--- RECORDS FOR THE TASK Enclosed Below ---

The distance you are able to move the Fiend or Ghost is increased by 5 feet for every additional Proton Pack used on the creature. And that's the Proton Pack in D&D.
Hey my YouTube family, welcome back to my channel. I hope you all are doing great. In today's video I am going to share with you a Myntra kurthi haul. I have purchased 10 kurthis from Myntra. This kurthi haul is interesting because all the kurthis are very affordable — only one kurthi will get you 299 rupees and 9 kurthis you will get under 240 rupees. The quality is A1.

--- End of Enclosed RECORDS FOR THE TASK ---
--- RECORDS FOR THE TASK Enclosed Below ---

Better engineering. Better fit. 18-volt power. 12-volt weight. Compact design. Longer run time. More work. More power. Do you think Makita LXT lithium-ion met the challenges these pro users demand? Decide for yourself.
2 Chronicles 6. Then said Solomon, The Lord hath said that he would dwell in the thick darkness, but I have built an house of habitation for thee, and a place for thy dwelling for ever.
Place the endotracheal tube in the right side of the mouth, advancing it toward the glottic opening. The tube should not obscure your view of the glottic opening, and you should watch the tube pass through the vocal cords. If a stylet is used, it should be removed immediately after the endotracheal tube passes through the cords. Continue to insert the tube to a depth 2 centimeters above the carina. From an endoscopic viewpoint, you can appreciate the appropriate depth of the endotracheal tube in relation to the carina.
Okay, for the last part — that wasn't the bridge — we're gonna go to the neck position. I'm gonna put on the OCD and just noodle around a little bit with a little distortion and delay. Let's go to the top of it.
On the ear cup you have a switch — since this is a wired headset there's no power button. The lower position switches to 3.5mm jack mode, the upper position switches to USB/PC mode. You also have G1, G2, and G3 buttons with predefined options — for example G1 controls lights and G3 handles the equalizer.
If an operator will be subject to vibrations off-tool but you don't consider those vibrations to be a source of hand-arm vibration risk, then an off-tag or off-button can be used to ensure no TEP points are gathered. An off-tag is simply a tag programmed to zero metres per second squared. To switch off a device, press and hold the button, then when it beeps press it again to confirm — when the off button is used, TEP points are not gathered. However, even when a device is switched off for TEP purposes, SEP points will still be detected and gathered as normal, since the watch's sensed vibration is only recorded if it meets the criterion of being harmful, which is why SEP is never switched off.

--- End of Enclosed RECORDS FOR THE TASK ---
--- RECORDS FOR THE TASK Enclosed Below ---

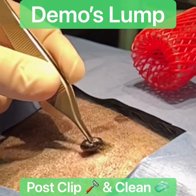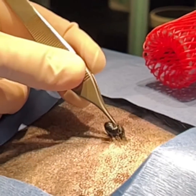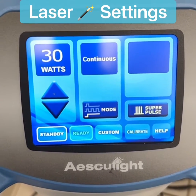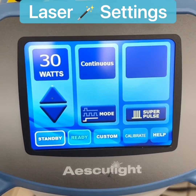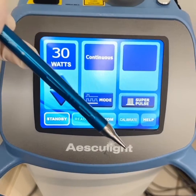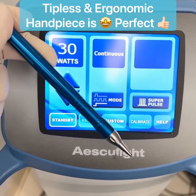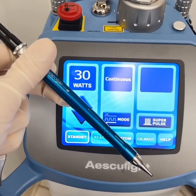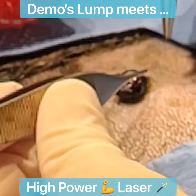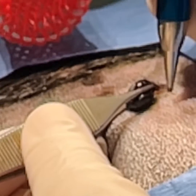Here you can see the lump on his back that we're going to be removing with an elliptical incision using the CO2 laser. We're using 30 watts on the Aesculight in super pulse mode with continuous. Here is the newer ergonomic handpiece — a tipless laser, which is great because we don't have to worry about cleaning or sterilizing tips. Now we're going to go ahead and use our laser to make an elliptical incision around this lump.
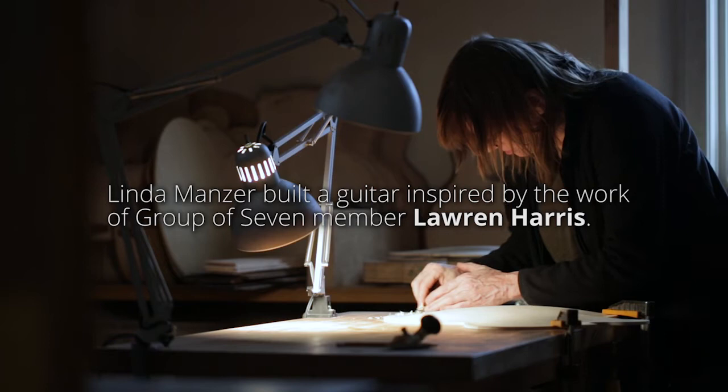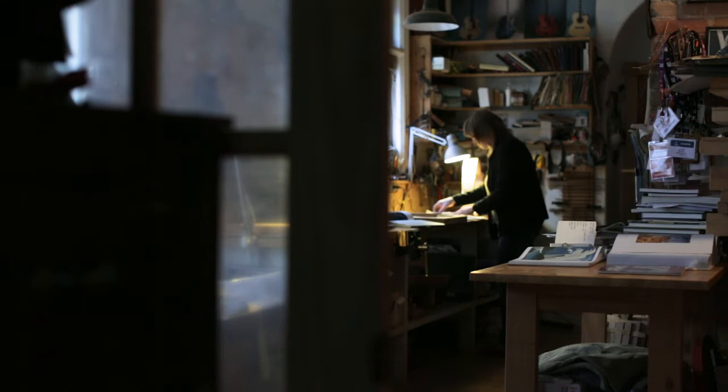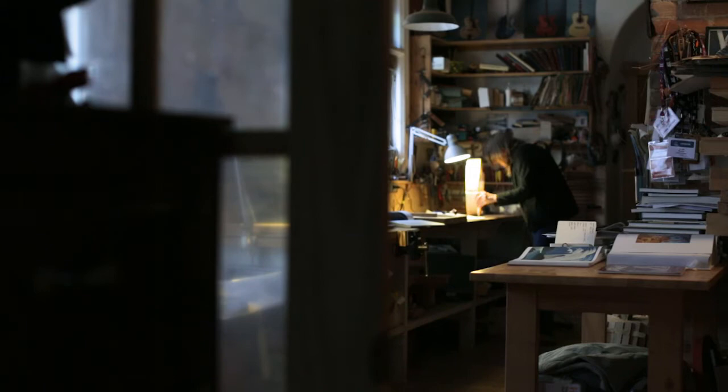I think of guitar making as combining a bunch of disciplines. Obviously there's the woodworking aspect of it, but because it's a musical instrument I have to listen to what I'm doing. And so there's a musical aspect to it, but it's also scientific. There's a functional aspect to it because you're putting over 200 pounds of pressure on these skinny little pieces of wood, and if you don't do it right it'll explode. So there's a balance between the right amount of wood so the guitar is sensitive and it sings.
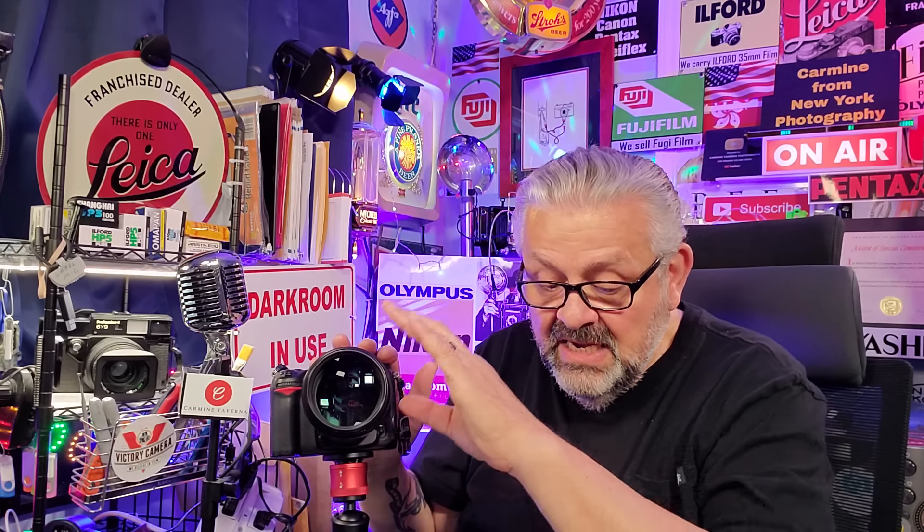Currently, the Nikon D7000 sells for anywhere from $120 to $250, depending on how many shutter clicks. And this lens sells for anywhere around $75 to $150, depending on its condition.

--- End of Enclosed RECORDS FOR THE TASK ---

_PROBLEM DETAILS:_
Would you retype exactly the lines above, from the line with "Better engineering. Better" to the line with "2 Chronicles 6.", with both end lines kept and nothing more?

_OUTPUT BELOW:_
Better engineering. Better fit. 18-volt power. 12-volt weight. Compact design. Longer run time. More work. More power. Do you think Makita LXT lithium-ion met the challenges these pro users demand? Decide for yourself.
2 Chronicles 6. Then said Solomon, The Lord hath said that he would dwell in the thick darkness, but I have built an house of habitation for thee, and a place for thy dwelling for ever.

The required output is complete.